When we talk about muscle building, many people immediately think of protein intake. How can vegans gain muscle mass if they’re not getting protein from meat? That is just one of the most frequent questions people ask. It is a common misconception that vegans have nowhere to take protein. However, there are ways for you to build muscle even if you’re on a plant-based diet. Here is how you can do so and which foods are good for you if you want to gain muscle mass.
Get into the Right Mindset
Before even starting to work on your new diet plan, you need to get into the right mindset. You need to be aware that any kind of progress in life takes time. You need to be patient and cherish every step you make along the way towards your goal. Taking daily steps and building consistency is what will eventually lead you to your desired goal. Don’t get carried away by all of the crazy over-night transformation and weight loss that people in the fitness industry tend to promote all the time. Those are some pretty extreme and in some cases not so healthy transformations that include messing around with portion sizes, dehydration, and lightening.
In addition to that bodybuilders and generally, people who go through these intense transformations often take some very questionable “supplements” or even inject substances such as growth hormones, testosterone, or steroids. That is why you should never compare yourself with them. You need to start your journey with your mind in the right place. Keep your eyes on the goal and trust the process.
You also need to be aware that everyone’s body is different. Some may find it easier to put on weight or muscle, yet for others, it can be more challenging. No matter how your body takes it, it’s always a healthier option to progress within a natural weight and size of your body than to overwork yourself trying to reach some extreme measurements. Some people are simply not meant to become as big as those bodybuilders. With the right mindset and tools, as far as you can go is to get as close as possible to what your ideal fit body is.
What most people fail to notice is that muscle mass is actually often hidden under the body fat.

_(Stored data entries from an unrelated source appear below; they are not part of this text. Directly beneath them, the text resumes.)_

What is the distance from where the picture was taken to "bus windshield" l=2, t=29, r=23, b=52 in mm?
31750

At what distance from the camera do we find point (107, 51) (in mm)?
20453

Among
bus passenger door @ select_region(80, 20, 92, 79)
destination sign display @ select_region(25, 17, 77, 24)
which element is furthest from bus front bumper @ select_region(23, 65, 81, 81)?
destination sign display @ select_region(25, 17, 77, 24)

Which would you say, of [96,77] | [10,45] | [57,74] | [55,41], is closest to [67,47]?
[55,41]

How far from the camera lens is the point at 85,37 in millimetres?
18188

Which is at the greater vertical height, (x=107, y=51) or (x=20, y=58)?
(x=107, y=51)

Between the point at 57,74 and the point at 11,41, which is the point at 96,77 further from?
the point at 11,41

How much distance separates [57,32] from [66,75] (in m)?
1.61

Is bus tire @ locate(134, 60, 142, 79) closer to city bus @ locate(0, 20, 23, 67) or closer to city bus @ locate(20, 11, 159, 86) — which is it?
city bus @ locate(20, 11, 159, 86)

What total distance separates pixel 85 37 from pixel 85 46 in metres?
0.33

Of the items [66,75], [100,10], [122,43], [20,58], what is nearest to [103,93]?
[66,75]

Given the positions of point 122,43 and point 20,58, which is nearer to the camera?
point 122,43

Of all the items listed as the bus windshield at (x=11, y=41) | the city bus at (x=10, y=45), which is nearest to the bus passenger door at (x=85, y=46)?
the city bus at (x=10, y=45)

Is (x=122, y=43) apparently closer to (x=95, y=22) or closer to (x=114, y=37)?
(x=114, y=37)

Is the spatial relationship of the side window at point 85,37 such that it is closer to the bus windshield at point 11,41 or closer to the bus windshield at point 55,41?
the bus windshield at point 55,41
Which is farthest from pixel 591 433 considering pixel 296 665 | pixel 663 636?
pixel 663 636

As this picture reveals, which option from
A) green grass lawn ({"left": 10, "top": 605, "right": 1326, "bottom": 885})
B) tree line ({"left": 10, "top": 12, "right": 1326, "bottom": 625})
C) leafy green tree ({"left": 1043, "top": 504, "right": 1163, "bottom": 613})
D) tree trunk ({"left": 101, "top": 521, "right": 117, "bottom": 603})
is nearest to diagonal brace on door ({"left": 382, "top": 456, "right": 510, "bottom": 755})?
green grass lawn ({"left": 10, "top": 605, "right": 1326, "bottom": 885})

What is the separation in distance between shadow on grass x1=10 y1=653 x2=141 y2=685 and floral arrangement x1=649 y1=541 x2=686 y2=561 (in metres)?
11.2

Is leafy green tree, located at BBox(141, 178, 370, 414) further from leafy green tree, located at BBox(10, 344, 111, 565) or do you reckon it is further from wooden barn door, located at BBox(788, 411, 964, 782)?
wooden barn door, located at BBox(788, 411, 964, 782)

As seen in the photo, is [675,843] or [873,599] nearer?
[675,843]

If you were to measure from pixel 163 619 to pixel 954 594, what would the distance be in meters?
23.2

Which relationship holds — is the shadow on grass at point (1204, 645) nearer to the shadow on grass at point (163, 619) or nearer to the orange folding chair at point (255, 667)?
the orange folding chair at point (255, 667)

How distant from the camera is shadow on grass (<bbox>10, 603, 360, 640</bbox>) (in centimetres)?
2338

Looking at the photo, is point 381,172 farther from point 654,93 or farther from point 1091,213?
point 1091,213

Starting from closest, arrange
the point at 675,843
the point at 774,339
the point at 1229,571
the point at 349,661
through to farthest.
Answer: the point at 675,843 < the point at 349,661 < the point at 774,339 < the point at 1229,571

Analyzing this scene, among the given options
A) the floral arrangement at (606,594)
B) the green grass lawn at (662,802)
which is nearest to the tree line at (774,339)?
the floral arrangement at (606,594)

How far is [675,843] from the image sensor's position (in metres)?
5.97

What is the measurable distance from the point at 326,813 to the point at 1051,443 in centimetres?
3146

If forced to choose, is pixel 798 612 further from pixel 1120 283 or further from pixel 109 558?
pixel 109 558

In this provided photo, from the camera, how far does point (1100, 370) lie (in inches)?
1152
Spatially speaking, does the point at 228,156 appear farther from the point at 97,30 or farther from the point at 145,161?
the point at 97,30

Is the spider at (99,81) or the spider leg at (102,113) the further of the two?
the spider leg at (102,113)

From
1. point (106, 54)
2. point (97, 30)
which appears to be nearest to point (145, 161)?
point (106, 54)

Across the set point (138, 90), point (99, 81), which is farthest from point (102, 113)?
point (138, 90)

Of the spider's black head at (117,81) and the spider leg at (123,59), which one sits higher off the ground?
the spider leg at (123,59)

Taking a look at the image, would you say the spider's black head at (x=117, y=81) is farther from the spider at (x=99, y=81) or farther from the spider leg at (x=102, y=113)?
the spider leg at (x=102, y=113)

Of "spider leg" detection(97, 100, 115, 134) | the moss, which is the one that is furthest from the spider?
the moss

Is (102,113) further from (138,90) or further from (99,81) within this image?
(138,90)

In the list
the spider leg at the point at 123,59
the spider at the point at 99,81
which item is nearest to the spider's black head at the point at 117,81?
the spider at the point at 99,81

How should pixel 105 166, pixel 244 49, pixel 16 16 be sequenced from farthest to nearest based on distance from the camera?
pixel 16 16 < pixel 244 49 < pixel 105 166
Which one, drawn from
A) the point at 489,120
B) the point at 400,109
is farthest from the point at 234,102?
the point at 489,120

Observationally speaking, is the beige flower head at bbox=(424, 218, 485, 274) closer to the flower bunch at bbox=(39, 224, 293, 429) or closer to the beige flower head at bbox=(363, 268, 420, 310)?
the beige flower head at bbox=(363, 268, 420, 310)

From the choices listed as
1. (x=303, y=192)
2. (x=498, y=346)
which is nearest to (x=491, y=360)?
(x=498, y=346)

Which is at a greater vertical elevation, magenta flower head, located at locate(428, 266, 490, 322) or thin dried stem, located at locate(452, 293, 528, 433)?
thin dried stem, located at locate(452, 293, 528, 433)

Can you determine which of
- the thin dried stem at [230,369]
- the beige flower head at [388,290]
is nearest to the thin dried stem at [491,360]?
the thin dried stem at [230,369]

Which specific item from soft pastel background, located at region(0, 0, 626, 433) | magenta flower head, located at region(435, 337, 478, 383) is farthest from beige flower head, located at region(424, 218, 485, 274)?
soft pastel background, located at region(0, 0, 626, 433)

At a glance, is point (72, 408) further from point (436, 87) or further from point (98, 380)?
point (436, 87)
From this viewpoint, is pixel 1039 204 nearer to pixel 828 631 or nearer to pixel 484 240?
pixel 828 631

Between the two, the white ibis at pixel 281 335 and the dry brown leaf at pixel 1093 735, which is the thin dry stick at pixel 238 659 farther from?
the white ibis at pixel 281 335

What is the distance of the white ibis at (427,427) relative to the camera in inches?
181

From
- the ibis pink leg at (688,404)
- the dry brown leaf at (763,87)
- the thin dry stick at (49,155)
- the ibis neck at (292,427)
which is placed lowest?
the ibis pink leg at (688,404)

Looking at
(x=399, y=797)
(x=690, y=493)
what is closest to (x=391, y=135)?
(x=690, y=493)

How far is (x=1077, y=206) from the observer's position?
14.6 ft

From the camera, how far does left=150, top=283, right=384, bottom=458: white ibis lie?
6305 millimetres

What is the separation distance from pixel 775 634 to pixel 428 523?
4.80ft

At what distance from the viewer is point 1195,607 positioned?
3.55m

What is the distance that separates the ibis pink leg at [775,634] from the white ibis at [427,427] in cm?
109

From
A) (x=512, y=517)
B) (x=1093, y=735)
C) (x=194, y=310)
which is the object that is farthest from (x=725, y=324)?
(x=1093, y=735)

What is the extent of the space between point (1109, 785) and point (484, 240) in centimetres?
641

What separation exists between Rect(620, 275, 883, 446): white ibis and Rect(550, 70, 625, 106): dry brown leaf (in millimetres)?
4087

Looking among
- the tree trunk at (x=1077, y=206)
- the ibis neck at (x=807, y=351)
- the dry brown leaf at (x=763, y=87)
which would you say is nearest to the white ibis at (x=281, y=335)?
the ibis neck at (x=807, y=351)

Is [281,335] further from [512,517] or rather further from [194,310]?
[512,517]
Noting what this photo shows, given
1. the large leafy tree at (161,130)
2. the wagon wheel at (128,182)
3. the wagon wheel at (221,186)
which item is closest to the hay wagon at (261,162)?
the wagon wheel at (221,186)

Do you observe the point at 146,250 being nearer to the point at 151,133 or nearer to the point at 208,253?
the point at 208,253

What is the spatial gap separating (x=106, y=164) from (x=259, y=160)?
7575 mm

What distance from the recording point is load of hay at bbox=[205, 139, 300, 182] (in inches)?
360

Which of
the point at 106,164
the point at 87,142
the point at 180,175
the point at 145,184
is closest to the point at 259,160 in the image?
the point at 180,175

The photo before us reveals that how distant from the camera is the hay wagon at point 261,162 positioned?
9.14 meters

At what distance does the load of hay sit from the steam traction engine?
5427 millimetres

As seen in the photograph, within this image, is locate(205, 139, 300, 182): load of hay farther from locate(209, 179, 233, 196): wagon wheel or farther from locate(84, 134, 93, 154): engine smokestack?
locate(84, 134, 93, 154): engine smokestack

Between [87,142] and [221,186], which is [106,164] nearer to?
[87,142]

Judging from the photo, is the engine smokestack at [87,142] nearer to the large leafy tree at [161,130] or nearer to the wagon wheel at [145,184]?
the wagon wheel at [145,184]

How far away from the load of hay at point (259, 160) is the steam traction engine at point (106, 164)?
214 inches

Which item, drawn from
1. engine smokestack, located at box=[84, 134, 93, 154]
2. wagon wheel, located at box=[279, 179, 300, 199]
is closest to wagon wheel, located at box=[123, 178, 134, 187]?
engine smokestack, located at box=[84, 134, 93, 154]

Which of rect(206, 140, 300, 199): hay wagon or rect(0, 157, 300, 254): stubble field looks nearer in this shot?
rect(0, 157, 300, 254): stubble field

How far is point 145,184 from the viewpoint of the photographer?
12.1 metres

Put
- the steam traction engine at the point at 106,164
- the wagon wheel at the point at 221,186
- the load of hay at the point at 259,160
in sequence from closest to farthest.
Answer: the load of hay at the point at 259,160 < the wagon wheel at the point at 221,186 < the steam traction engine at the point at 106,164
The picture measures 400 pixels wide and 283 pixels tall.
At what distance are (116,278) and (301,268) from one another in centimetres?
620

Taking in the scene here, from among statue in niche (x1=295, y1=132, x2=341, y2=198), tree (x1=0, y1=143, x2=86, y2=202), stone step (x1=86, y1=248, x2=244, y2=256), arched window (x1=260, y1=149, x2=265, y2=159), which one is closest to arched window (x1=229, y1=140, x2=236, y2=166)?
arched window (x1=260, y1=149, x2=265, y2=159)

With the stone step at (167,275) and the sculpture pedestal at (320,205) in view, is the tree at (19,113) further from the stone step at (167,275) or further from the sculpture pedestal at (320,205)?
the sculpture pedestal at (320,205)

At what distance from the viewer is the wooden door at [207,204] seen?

That is why you need to tackle both of these areas. You need to work on growing muscles as well as losing fat at the same time. Also, don’t solely rely on your scale to track your progress. Muscle weighs more than fat and you will probably find yourself slimming down while gaining weight as well.
Don’t lose hope if you don’t see any immediate results and progress. As already mentioned, this kind of progress takes time. Keep up your enthusiasm and remember, the more meaningful your reasons for this journey are, the more satisfying the success will be.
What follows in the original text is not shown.